I find this interesting


----------



## greco (Jul 15, 2007)

AMAZING! Thanks so much for this thread.

I hope @zztomato watches it as I'd like to hear his comments.


----------



## CathodeRay (Jan 12, 2018)

I'm like a cat at a bay window.


----------



## Verne (Dec 29, 2018)

Man, I could watch that over and over and over and over and over.......................and over. It just grabs hold of you and entrances you. Great video. Thanks for bringing it to light for me.


----------



## tomee2 (Feb 27, 2017)

Good bye nibs! (it's a 90s LP Classic? )


----------



## Latole (Aug 11, 2020)

Formidable vidéo , merci BlueRocker

I do this type of work on guitars and I can appreciate the quality of this video


----------



## Paul Running (Apr 12, 2020)

A master with the Dremel and he's just a young lad...wait till you see his workmanship in 10 years.


----------



## Ti-Ron (Mar 21, 2007)

Thaks @BlueRocker for that!
I'll add this channel with with Dave's world of fun stuff and T. Woodford!


----------



## Mooh (Mar 7, 2007)

That guy has done his homework.


----------



## laristotle (Aug 29, 2019)

That was cool to watch.
I'm just wondering why he put solder on the old frets prior to pulling them?


----------



## BlueRocker (Jan 5, 2020)

laristotle said:


> That was cool to watch.
> I'm just wondering why he put solder on the old frets prior to pulling them?

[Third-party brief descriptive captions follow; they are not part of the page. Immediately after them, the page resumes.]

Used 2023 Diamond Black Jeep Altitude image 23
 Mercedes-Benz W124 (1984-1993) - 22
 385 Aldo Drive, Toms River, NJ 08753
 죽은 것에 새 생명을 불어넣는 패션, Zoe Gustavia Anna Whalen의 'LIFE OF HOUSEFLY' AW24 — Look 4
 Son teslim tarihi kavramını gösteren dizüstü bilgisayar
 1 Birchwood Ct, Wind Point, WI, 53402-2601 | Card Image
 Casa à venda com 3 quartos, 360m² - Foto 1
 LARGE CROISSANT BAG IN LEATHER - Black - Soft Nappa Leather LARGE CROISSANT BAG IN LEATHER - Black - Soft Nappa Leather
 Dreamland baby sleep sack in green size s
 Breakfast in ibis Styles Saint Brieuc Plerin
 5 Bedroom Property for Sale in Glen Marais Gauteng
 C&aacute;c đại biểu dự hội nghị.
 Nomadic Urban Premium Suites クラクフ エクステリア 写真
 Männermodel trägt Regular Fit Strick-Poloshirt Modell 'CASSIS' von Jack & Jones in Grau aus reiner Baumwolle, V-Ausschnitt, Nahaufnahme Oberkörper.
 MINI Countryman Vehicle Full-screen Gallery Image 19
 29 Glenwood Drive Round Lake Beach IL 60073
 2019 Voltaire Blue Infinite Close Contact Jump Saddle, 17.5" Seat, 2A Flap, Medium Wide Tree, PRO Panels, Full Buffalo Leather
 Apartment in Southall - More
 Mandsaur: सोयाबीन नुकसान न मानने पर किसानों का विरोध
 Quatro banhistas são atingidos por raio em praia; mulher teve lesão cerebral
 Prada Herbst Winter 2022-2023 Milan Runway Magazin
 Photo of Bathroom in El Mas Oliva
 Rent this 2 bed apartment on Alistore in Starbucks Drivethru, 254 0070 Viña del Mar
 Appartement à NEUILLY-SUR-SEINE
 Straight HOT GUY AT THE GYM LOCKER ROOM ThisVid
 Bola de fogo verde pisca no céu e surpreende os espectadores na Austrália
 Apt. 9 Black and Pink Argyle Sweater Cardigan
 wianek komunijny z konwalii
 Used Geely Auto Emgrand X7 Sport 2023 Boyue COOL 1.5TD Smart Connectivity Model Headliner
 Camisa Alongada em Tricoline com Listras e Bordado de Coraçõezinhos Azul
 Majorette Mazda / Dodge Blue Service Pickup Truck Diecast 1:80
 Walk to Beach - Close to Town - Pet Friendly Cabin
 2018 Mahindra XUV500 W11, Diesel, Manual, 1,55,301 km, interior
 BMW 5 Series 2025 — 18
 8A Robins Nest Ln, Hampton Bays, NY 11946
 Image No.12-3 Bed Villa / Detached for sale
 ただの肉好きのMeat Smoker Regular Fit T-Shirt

I think to increase the surface area for heat transfer to the frets.


----------



## gtrguy (Jul 6, 2006)

Nicely shot. I do some of the things he shows differently but that’s personal preference.


----------



## polyslax (May 15, 2020)

Absolutely hypnotic, thanks! These build/repair/restoration videos scratch a real itch for me... probably because I could never pull this off myself.

Reminded me a bit of this guitar build clip I watched last year:






or, from a non-music perspective, the my mechanics YT channel:

https://www.youtube.com/c/mymechanics


----------



## zztomato (Nov 19, 2010)

Great vid! And yeah, that's about how you do it. I use a fret press and just start with a hammer but, whatever works for you.


----------